PROVIDED MATERIAL:

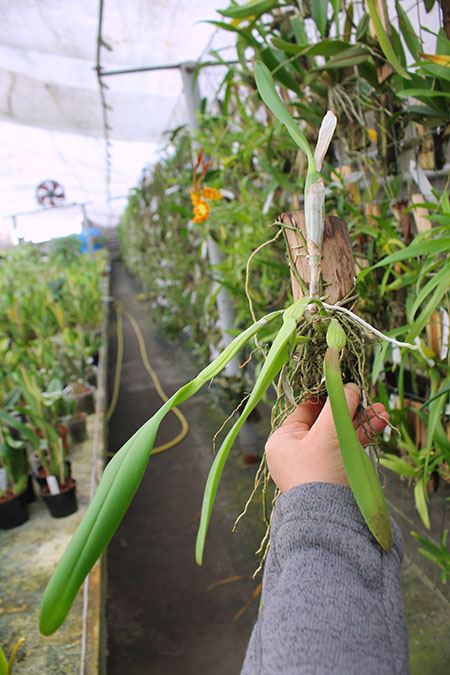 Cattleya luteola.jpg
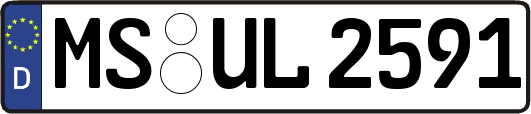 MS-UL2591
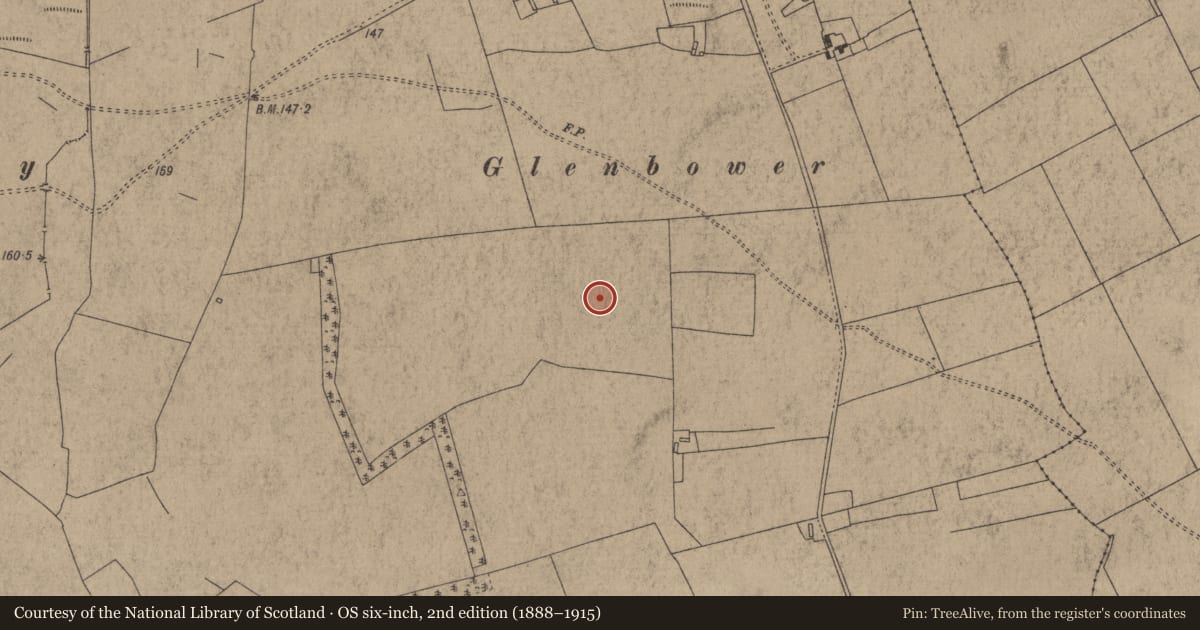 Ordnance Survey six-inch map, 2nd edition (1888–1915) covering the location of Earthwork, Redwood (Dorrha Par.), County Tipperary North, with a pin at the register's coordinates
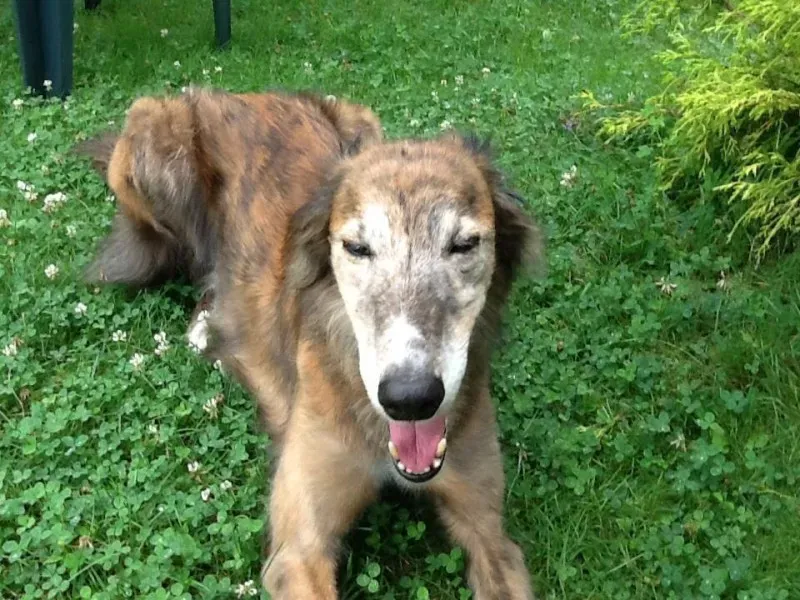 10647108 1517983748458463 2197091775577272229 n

YOUR OBJECTIVE: Take the lines from the one containing "Ordnance Survey six-inch" through the final line of the listing above and print them exactly, including both ends but no pictures.

ANSWER BELOW:
 Ordnance Survey six-inch map, 2nd edition (1888–1915) covering the location of Earthwork, Redwood (Dorrha Par.), County Tipperary North, with a pin at the register's coordinates
 10647108 1517983748458463 2197091775577272229 n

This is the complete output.